→ **Your assignment**: Only the lines below starting at the one that contains "Magnifique Papillon Naturalisé" and ending at the one that contains "fleurs naissance HUSSEREN-WESSERLING" are to be reproduced, exactly and with both ends kept.

→ **Provided data**:
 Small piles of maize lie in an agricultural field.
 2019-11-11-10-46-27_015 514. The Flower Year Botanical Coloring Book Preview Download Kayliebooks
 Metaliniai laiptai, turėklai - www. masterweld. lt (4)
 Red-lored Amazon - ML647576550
* * *
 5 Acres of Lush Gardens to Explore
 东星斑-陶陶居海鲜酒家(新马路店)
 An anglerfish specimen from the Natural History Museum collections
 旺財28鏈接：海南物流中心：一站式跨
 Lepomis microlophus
--
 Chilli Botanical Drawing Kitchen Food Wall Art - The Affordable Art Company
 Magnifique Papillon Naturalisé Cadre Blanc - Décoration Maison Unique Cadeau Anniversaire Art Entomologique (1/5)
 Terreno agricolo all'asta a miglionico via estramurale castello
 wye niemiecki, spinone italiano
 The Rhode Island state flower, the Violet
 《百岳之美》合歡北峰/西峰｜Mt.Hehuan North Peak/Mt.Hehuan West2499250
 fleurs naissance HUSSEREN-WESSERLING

→ **Response area**:
 Magnifique Papillon Naturalisé Cadre Blanc - Décoration Maison Unique Cadeau Anniversaire Art Entomologique (1/5)
 Terreno agricolo all'asta a miglionico via estramurale castello
 wye niemiecki, spinone italiano
 The Rhode Island state flower, the Violet
 《百岳之美》合歡北峰/西峰｜Mt.Hehuan North Peak/Mt.Hehuan West2499250
 fleurs naissance HUSSEREN-WESSERLING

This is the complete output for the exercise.